Verschleierte Tänzerinnen, Brüste mit Latexnippeln – als Adidal Abou-Chamat ihre Fotos in Berlin ausstellte, gab es Proteste von Moscheebesuchern. Jetzt sind die Werke in Ludwigsburg angekommen.

Ludwigsburg - Eine Balletttänzerin in der Burka – ist das eine Provokation? Wie immer, wenn es um die Beurteilung von Kunst geht, liegt das allein im Auge des Betrachters. Es gibt Menschen, die sich von den Fotos, Zeichnungen und Videoarbeiten von Adidal Abou-Chamat provoziert fühlen, von verschleierten Tänzerinnen, von der verhüllten Frau, die nur ihre mit Dutzenden Latexnippeln beklebten Brüste zeigt, oder der Jeansträgerin mit Handgranate am Gürtel. Als die in München geborene Deutsch-Syrerin ihre Werke vor einigen Jahren in Berlin ausstellte, ließ die Galerie Fenster abdunkeln, damit die Fotos von außen nicht sichtbar waren. Besucher einer nahegelegenen Moschee hatten sich beschwert. Abou-Chamat hat damit kein Problem: „Auf religiöse Gefühle muss man Rücksicht nehmen.“

 

Auch wenn Andrea Wolter-Abele, die Kuratorin des Ludwigsburger Kunstvereins, sagt, sie „habe schon deutlich provokantere Werke gesehen“: Adidal Abou-Chamats Kunst ist politisch und manchmal verstörend, geradezu hart. Am Sonntag wird ihre Ausstellung „Inter-Sections“ im Ludwigsburg-Museum (MIK) eröffnet, dann haben Besucher Gelegenheit, eigene Antworten zu finden.

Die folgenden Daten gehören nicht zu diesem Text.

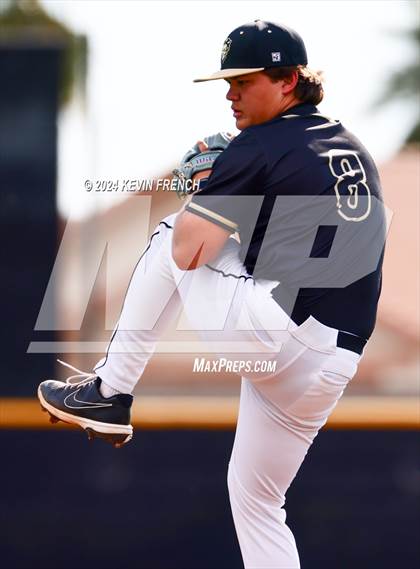 Thumbnail 3 in Beggs @ Sunrise Mountain (Best of the West Tournament) photogallery.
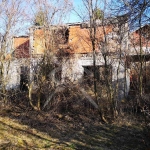 Къща в с. Кленовик, Област Перник - 80 кв.м за 288 €/кв.м - Снимка #1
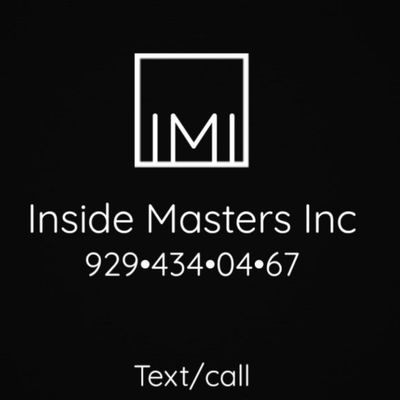 Avatar for Inside Masters Inc.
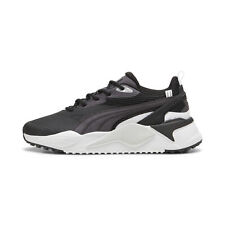 Puma efekt golf for sale  WELLINGBOROUGH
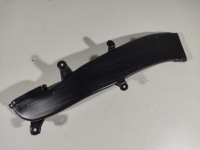 фото thumb №6, Volvo v60 18r- впуск повітря стійка лівий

Videoarbeit über palästinensische Selbstmordattentäterin

Der Konflikt im Nahen Osten ist ihr zentrales Motiv, und damit zusammenhängend das Rollenverständnis der Frau in der arabischen und der westlichen Welt. Abou-Chamat zeigt die Frau als Gebärmaschine, Sexualobjekt, Soldatin. Im MIK wird eine Videoarbeit abgespielt, die sich mit der ersten palästinensischen Selbstmordattentäterin auseinandersetzt, auch in mehreren Fotos widmet sich die 58-Jährige diesem Themenkomplex: etwa in dem Bild einer Europäerin in weißem Kleid, in das eine Art Sprengstoffgürtel eingenäht ist.

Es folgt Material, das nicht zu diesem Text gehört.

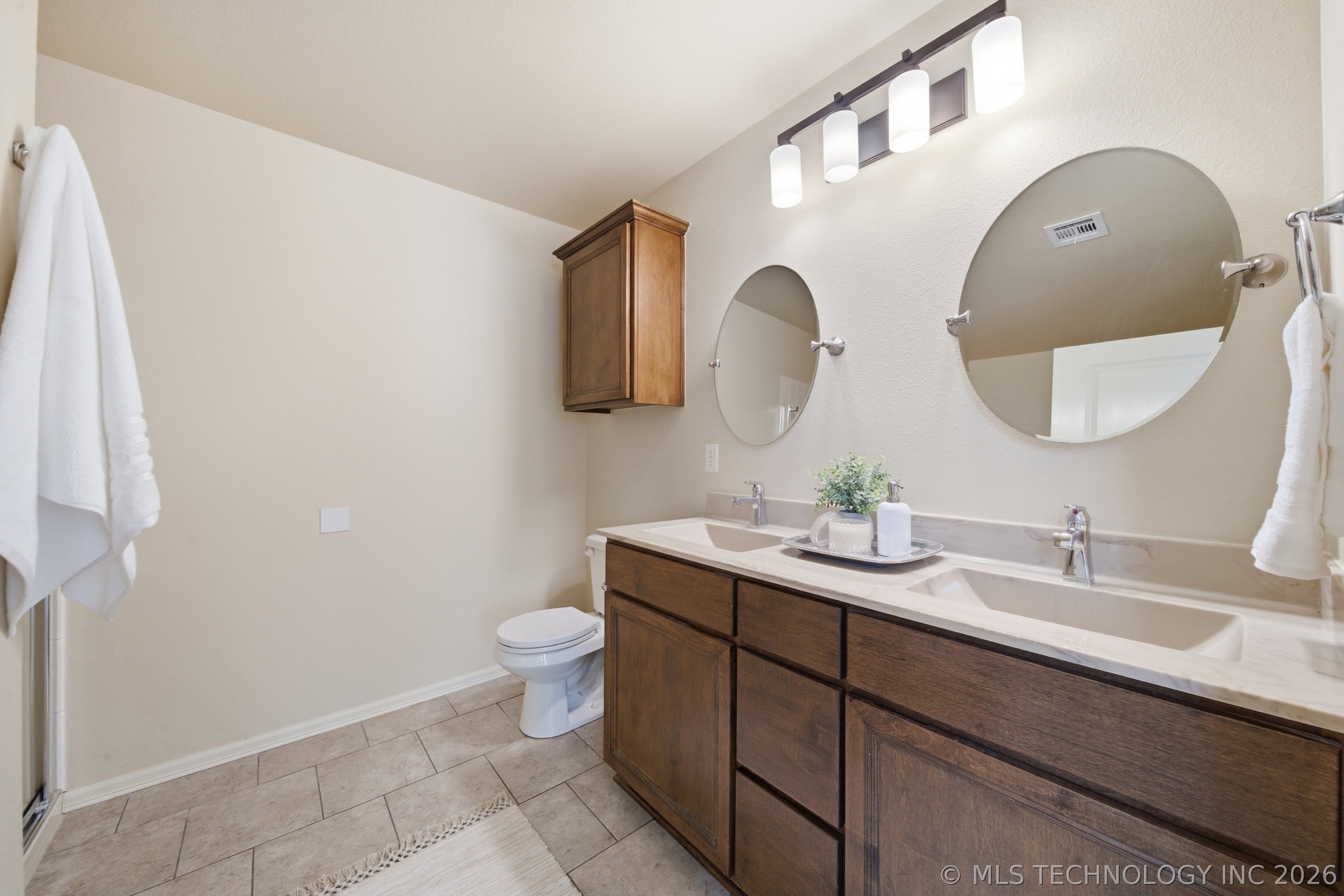 13008 E 122nd Place North Property Photo 18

Geradezu brutal wirkt die Aufnahme eines Amerikaners mit nacktem Oberkörper und einer schwarzen Linie um den Hals, versehen mit den Worten: Cut here, zu deutsch: hier abschneiden. „Tatsächlich haben sich manche amerikanischen Soldaten eine solche Linie auf den Hals gemalt“, erzählt Adidal Abou-Chamat. „Als Bewältigungsstrategie gegen die alltägliche Bedrohung.“

Der Vater der Künstlerin kämpfte gegen Assad

Gewalt gegen Frauen, gegen Männer, gegen ein Land, die Rolle des Menschen in einer Spirale der Gewalt – für die Künstlerin ist das kein artifizielles, sondern ein existenzielles Thema. Ihr Vater hat, als er noch lebte, in Syrien gegen das Assad-Regime gekämpft, sie hat Verwandte in Damaskus. „Manchmal bin ich fast froh, dass mein Vater nicht mehr miterleben muss, wie das Land untergeht. Ich hoffe einfach, dass etwas Ruhe reinkommt.“ Eine Erklärung, einen Lösungsvorschlag, nein, habe sie nicht. Aber ihr sei bewusst, dass der Krieg eine lange Historie habe, dass die kolonialen Verwerfungen noch heute nachwirken. „Als Künstlerin interessiere ich mich für genau diese Zusammenhänge.“

Und für die Gegensätze. Deutlich wird das in dem Porträt einer schwarzen Frau, die sich, gleichsam einer zweiten Haut, einen weißen Handschuh überstülpt. Provokant? Vielleicht. Spannend ist es allemal.

Ausstellung im MIK

Kunstverein
– Die Vernissage im Ludwigsburg-Museum ist am Sonntag, 6. März, 11 Uhr. Geöffnet ist die Galerie des Kunstvereins dienstags bis sonntags (und feiertags) von 11 Uhr bis 18 Uhr, donnerstags bis 21 Uhr. Ostermontag ist geschlossen. Die Ausstellung endet am 1. Mai.

Künstlerin
– Die Deutsch-Syrerin Adidal Abou-Chamat ist in München geboren und hat unter anderem dort, in Edinburgh, in den USA und in London studiert. Für ihre Arbeiten hat sie zahlreiche Preise erhalten.